This code contains, among file utils, various learning methods designed for sparse datasets, where keys are represented by strings. This allows to keep track of "what is going on" in every algorithm : what do the centroids look like ? what do the decision trees look like ?
- k-Nearest Neighbours (based on a TF-IDF representation of the documents)
- Nearest Centroids (based on a TF-IDF representation of the documents)
- "Logic" Decision tree, proposing formulas such as if(not word1 in doc and word2 in doc and word3 in doc) then Cat k
- SGD for multiclass problems (with a high number of classes)
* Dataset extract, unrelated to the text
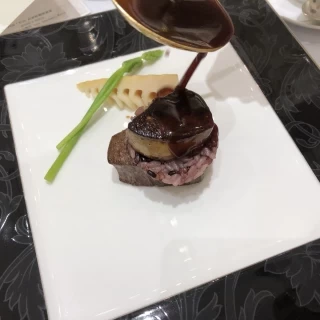 とても柔らかかったです。豪華な組み合わせです。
- Bag of Words (not used in the final solution)
Optimizations include :
- Inversion of indexes
- Parallelization
- Pre-allocation of memory
- Unsafe code
Some parts of the code come from other sources :
- Stemming is a C# port of Snowball
- Text to TFIDF utils
The final solution has been generated following these steps :
- Shuffle the training file according to 7 seeds : 0,1...,6
- Down-sample each file so that there a no more than 1000 elements per class
- On each file train : a 3-NN model (lookup parameter 0.25, no stemming), a Nearest Centroid model (using PureInteractions mapping, stemmed), A hierarchical SGD model, a SGD model and a logic decision tree (max depth 4500, min elements per leaf = 8, no stemming)
They correspond to the default models in the main window.